--- What needs to be done ---
An exact reproduction of the listing is wanted, with the pictures dropped.

== Data extract

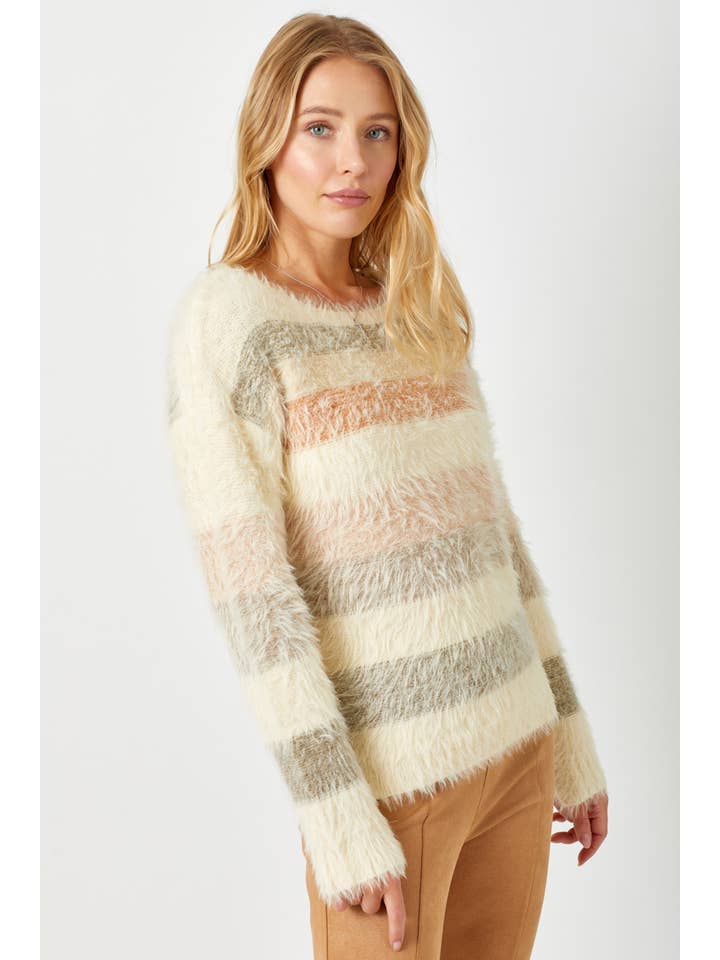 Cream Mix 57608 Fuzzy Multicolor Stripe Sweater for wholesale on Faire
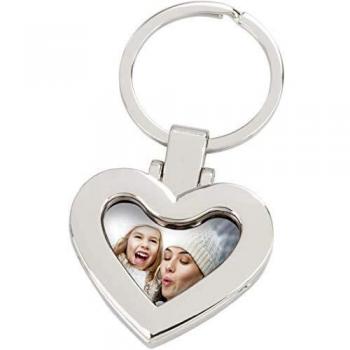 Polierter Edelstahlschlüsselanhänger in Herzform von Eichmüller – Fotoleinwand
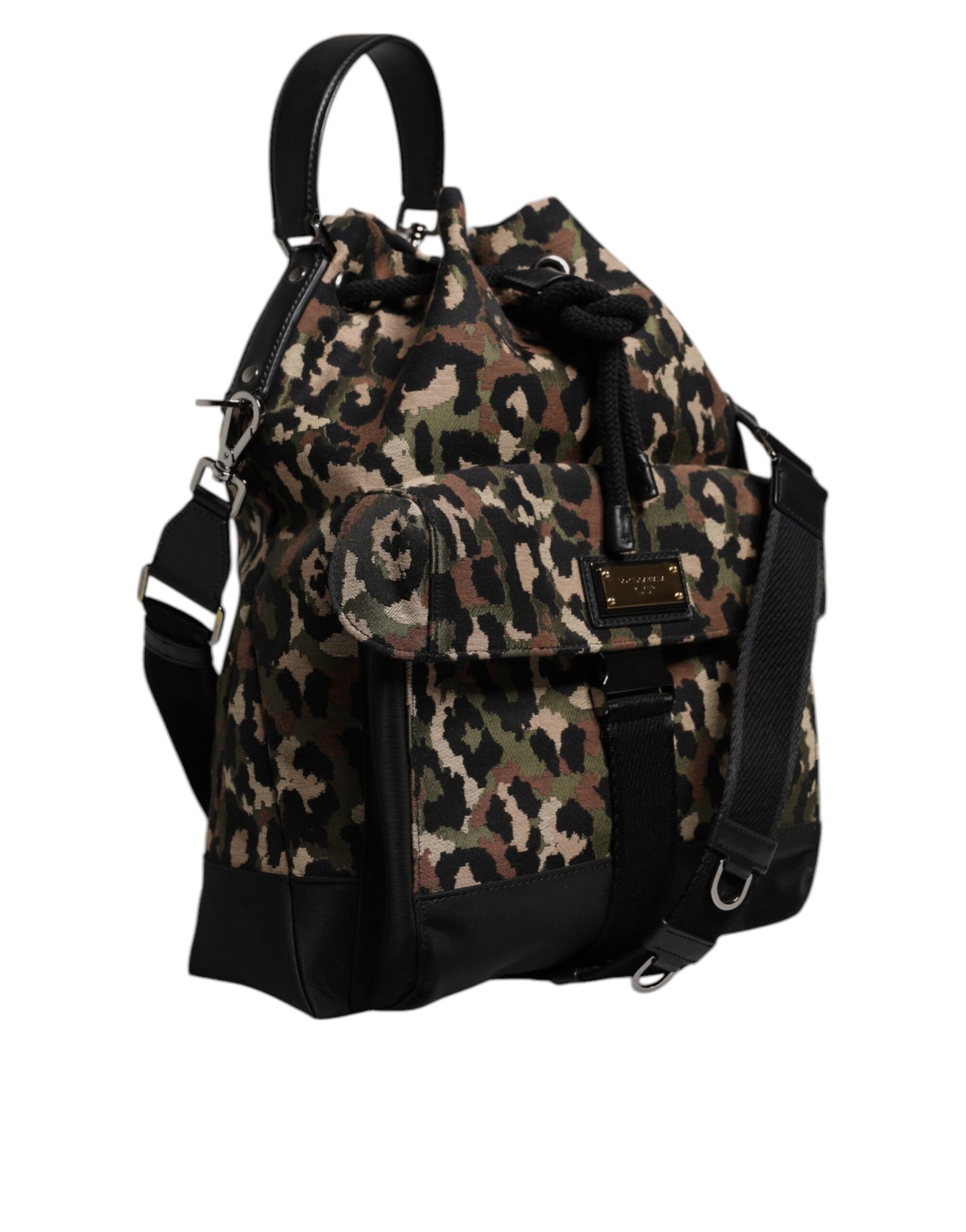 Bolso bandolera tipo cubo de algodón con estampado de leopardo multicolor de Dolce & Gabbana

====

--- Response to the task ---
 Cream Mix 57608 Fuzzy Multicolor Stripe Sweater for wholesale on Faire
 Polierter Edelstahlschlüsselanhänger in Herzform von Eichmüller – Fotoleinwand
 Bolso bandolera tipo cubo de algodón con estampado de leopardo multicolor de Dolce & Gabbana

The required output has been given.